ADHOC: Welche Verluste sehen Sie für Apotheken, wenn es kein Rx-Versandverbot gibt?
EBLE: Die Apotheken wehren sich nun mal sehr laut – das ist ja auch berechtigt. Das erlebe ich seit Jahren, wenn OTC- oder Freiwahlware im Drogeriemarkt angeboten wird. Dann wurde das Unternehmen auch schon mal kollektiv von den Apothekern boykottiert.
ADHOC: Geht es bei dem ganzen Gezerre um das Rx-Versandverbot nach Ihrer Ansicht wirklich um Rx?
EBLE: Nein, es geht um das Verteidigen der Pfründe, wie immer im Gesundheitswesen. Das Drohszenario von tausenden Apotheken, die deshalb demnächst schließen, sehe ich nicht. Dafür sind die auch für die Versorgung zu wichtig – und man kann es nicht oft genug sagen: Die machen ja auch einen tollen Job (zumindest die, die ich kenne).
Der Versuch, den Versandhandel zu verunglimpfen, läuft schon viele Jahre, indem versucht wird, die illegalen Bestellungen aus dem Internet aus dem Ausland, mit den Versandhändlern zu vermischen und Ängste zu schüren. Da hatte ich mir gewünscht, dass dies auch von APOTHEKE ADHOC sauberer getrennt und differenzierter betrachtet worden wäre. Wenn Menschen sich PDE-5-Hemmer in China bestellen, wird das auch zukünftig ein Problem sein – mit oder ohne Versandhandel.
ADHOC: Sie positionieren sich ja persönlich für Versandapotheken, also auch für den Rx-Versand?
EBLE: Wie oben schon beschrieben: Nein, ich positioniere mich gar nicht für den Versandhandel, sondern gegen die meiner Ansicht nach unnötige Gesetzesinitiative. Im Zeitalter von Internet und E-Commerce, Digitalisierung im Gesundheitswesen und vielem mehr ist dies einfach nicht zeitgemäß und rückwärts gewandt. Neben den strukturellen Bedürfnissen gibt es ja auch den Wunsch nach Diskretion. Nicht jeder möchte, um mal bei dem Beispiel zu bleiben, seinen PDE-5-Hemmer in der „Apotheke seines Vertrauens” abholen, wenn nebenan der Kollege oder Nachbar steht.
Aufgrund eines Drohszenarios, das meiner Meinung nach total übertrieben ist, müssen Menschen nach 14 Jahren darauf verzichten. Das wird man denen nicht erklären können.
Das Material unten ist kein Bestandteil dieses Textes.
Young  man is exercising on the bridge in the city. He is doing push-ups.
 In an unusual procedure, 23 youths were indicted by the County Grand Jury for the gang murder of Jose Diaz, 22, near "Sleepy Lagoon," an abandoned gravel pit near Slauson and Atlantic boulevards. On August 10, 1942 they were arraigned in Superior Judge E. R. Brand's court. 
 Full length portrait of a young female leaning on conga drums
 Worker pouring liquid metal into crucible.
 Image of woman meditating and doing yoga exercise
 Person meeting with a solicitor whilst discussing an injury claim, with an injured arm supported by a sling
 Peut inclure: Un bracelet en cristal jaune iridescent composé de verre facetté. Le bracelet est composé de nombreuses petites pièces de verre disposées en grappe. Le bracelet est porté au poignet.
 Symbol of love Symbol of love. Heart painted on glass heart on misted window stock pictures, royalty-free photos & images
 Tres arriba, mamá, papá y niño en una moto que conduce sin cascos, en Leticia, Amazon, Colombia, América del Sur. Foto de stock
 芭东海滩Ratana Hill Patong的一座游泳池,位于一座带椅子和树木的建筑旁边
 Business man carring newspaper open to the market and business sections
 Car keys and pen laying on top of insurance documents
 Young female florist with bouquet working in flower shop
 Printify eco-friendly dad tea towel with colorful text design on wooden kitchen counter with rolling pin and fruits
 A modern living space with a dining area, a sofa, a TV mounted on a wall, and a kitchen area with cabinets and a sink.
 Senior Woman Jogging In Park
Wir haben im Gesundheitswesen so viele Baustellen, um die sich die Politik kümmern müsste – das ist sicherlich keine.
ADHOC: Was ist Ihr Vorschlag?
EBLE: Ich würde mir zu diesem Thema eine ausführlichere Debatte wünschen. Ich kann aufgrund des (unsäglichen) EuGH-Urteils die Intension der Apotheker sehr gut verstehen. Es gab bereits Ansätze einer Art Sicherstellungszuschlag für Apotheken in strukturschwachen Regionen. Solche Ideen mal zu Ende skizzieren und diskutieren wäre mein Wunsch. Das wäre allemal günstiger als ein Verbot, das vermutlich wieder vor den Gerichten endet. Aber da im Koalitionsvertrag erst einmal der Prüfauftrag vermerkt ist, bleibt noch Hoffnung.
Dr. Susanne Eble hat sich in diesem Interview als Privatperson geäußert. Nach dem Studium von Medizinökonomie (Diplom) und Health-Care-Management (Master) begann sie 1992 als Produktmanagerin bei Berlin-Chemie und wechselte 1997 als Marketingleiterin zu Bayer. Nach wenigen Monaten bei Orthomed übernahm sie 2004 den Führungsposten als Leiterin Gesundheitsmanagement bei Berlin-Chemie. Neben Lehraufträgen an verschiedenen Hochschulen ist Eble seit 2010 auch stellvertretende Vorstandsvorsitzende des Bundesverbandes Managed Care (BMC) in Berlin.